My introduction to smoking occurred at age seven. Crazy Eddie Muldoon and I had pursued our innocent hobby of collecting cigarette butts from along the highway for several months, with no particular use for them in mind. Then one day it occurred to us, like a bolt out of the blue, that we might actually
smoke
the butts! We had stored them in, appropriately, a cigar box. When we had accumulated a sufficient supply, namely a full cigar box, we went up on the mountain near our homes, found comfortable seats on the edge of a rock cliff, and gazing happily out over the checkerboard landscape below, smoked up almost our entire collection in about an hour, although the amount of elapsed time is rather vague to me now (as it was then, for that matter). I don't know about Eddie, but as for myself, I never again smoked a cigarette, nor have I had any desire to do so. Perhaps it was because of the odd sensation of having an ice pick driven through my
head from one temple to the other. Or perhaps it was fright over the pale, greenish blur that had become Eddie's face, as he lay on his back moaning something about his imminent death, thereby removing from the realm of idle speculation my last doubt that my own demise was close at hand. I will spare the reader graphic details of our illness, except to mention in a general way that four or five times we were turned inside out and back again. Eddie went home in such a confused state that he forgot to get himself turned right side out and gave his parents a tremendous shock. (There's nothing more disgusting than an inside-out person.) As for myself, anytime I was jostled during the next week, a little puff of smoke went up.

I took up pipe smoking, at age twenty-four, mostly for the sake of appearance. Even Bun said the pipe gave me a look of scholarly distinction. It was fortunate that it did, because shortly after taking up the pipe I was hired as an instructor at a university. Looking back, I believe that the chairman of the English Department must have hired me solely on the basis that I smoked a pipe, for that was about my only qualification. The chairman smoked a pipe, too. A distinguished scholar himself, he must have felt that my pipe was evidence of great but as of yet undetectable professorial potential. The pipe carried me all the way through to full professorhood, without anyone ever discovering the truth. Oh sure, there were suspicions, but nothing was ever proved.
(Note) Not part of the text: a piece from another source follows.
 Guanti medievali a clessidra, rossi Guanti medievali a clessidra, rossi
In addition to contributing to success in one's career, the pipe is a wonderful instrument for the enhancement of fishing. It is an especially useful accessory for fly-fishing, in that its mere presence in the mouth suggests to one's fellow anglers an easy competence. Even though my own fly casting has been said to resemble an old lady fighting off a bee with a broom handle, I discovered that merely by my hauling out
a pipe, lighting up, and puffing out great clouds of smoke, other anglers on the stream were instantly impressed and would begin asking technical questions of me. Oh, not about fly-fishing, but other things, such as did I know who hit the most home runs in the 1952 World Series, stuff like that. I suppose they might even have asked me about fly-fishing, except for my occasionally getting my pipe caught in the line. I once cast one of my favorite briars halfway across the Madison River and received a round of applause from the other anglers, but that is something that shouldn't be attempted by beginners. Practice at home first.